Wednesday, January 23, 2013

THE DYNAMICS AND COMPLEXITIES OF COMMUNITY DEVELOPMENT IN THE INNER CITY



1.0 Introduction
This paper focuses on some critical reviews of strategies to developing the downtowns or inner areas of cities; especially US inner cities. As part of the Urban Planning and Local Economic Development Series, this paper explores the dynamics and intricacies of the strategies for promoting community development in the inner city. Five main articles have been reviewed and implications drawn for urban planning and local economic development. To place the discussion in context, community development has been discussed briefly. Huie (1976) asserts that it is a "process of local decision-making and the development of programs designed to make their community a better place to live and work" while Dunbar (1972) defines community development as "a series of community improvements which take place over time as a result of the common efforts of various groups of people. Each successive improvement is a discrete unit of community development. It meets a human want or need." What is clear about these definitions is that firstly, community development is a process and secondly it involves the collaborative efforts of individuals and groups of a community with the aim of promoting human development. These are the key themes that these five articles espouse and with support from other literature materials the paper examines the various actors, their roles and interest, and the challenges thereof in promoting community development with key emphasis on the inner city of US cities.





2.0 Summary of Articles

2.1 Herbert J. Rubin, Renewing Hope within Neighborhoods of Despair 


In Chapter two; negotiating an Environment for Community Renewal; of his book, Renewing Hope within Neighborhoods of Despair, Rubin (2000) examines the activities of Community-Based Development Organizations (CBDOs) by presenting their activities, challenges and the environment within which they operate and manage development programs. These organizations "attempt to solve complicated problems of physical and economic decline within geographical areas" in the phase of limited funding, complex bureaucratic and regulatory systems, complex interests of stakeholders and the changing opportunities for development interventions with respect to time. By exploring the operational and management activities of these CBDOs, Rubin (2000) espouses a theory of new institutionalism based on organic theory and identifies this as the mechanism that enable CBDOs to manage the complexities of their operations.
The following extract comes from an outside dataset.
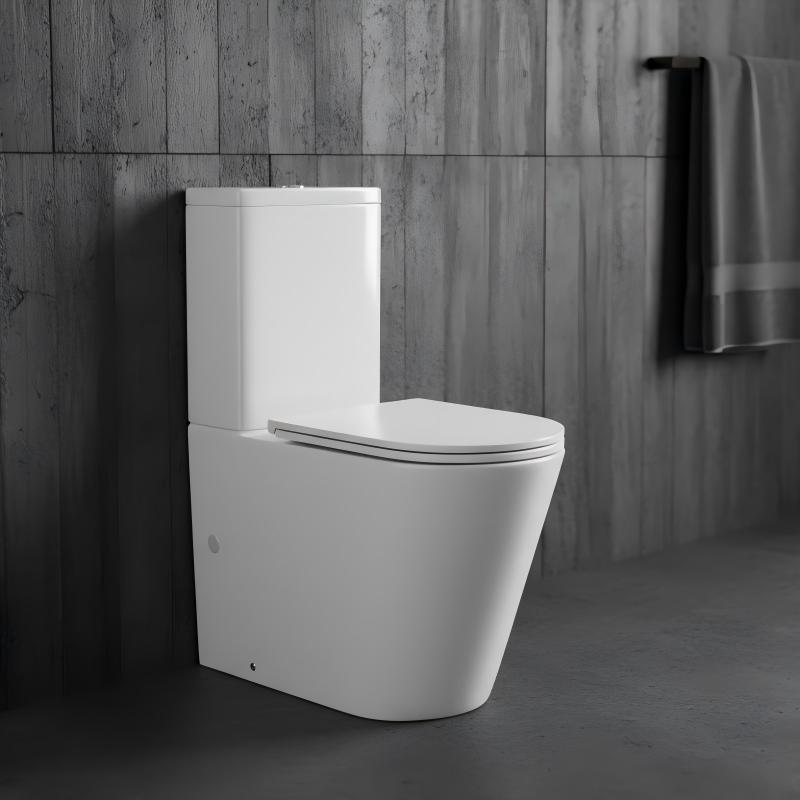 Rimless Back to Wall Toilet Suite 620x370x820mm - Gloss White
According to Rubin (2000), "the organic theory offers lessons on how to balance cross pressures that development organizations confront, but builds lessons on realistic experience." CBDOs do this by creating a set of strategies within complicated, inter-organizational environment where resources are constraint by balancing pressures from funders, learning to skillfully leverage resources and ideas and communicating these through networks of similar objectives. Based on this author’s arguments, CBDOs offer a great potential for developing the inner city. Nonetheless, without the requisite capacity especially reliable source of funding, their development ‘complementability’ is constrained and unsustainable.
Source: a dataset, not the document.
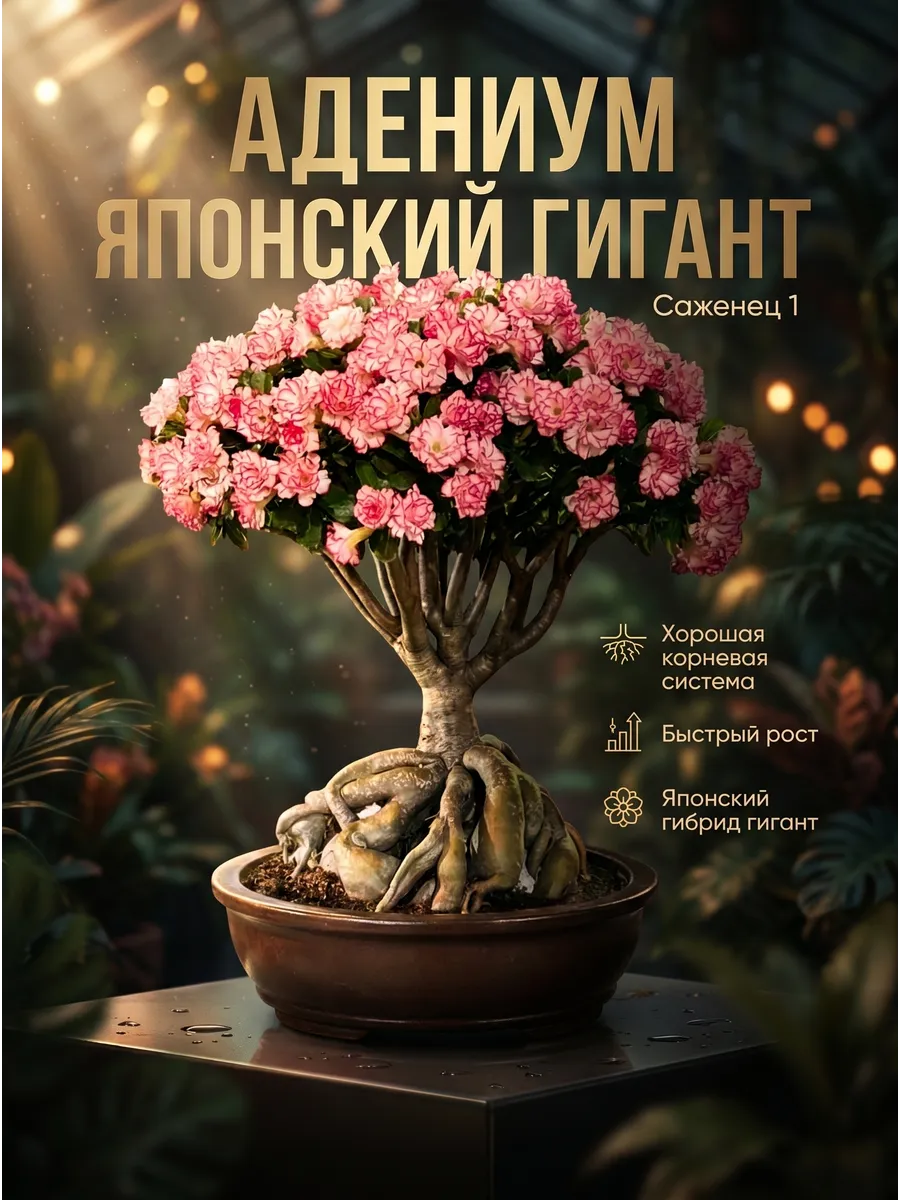 Адениум саженец Японский гигант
2.2 Randy Stoecker, the CDC model of urban redevelopment


Stoecker (1997) provides further exposition on the activities of the Community Based Development Organization; Community Development Corporation Model for Urban Redevelopment. The author assesses how viable these CDCs have been and concludes that within the framework of Community and Capitalism lie a constraint in the current model which seeks to facilitate development in the inner city. According to Stoecker (1997) CDCs have failed in this direction because of "limit of comprehensiveness" (poor institutional capacity), "the myth of community control" (community interest and representation, funders and profitability, and affordability and asset control and ownership) and "the development of disorganization" (loss of community power, cohesion and networks). Consequently, Stoecker (1997) recommends CDCs to build a "new model that rest on community organizing, community-controlled planning, and high-capacity multi-local CDCs held accountable through a strong community organizing process." However, the challenge with such an approach is the issue of legal mandates to perform and control planning efforts. Since they do not possess this mandate performing such functions may depend on the prerogatives of local governments to sublet such functions. Nonetheless their full potential are still yet to be adequately integrated into the city planning efforts. They can be conceived to be another level of decision making and implementation and thus integrated fully into the mainstream functions of city planning authorities. In such a case, the legal mandates become critically imperative. This will allow them to have a legal and mandatory concession to tax resources and their plans will be mainstreamed fully into the city planning process.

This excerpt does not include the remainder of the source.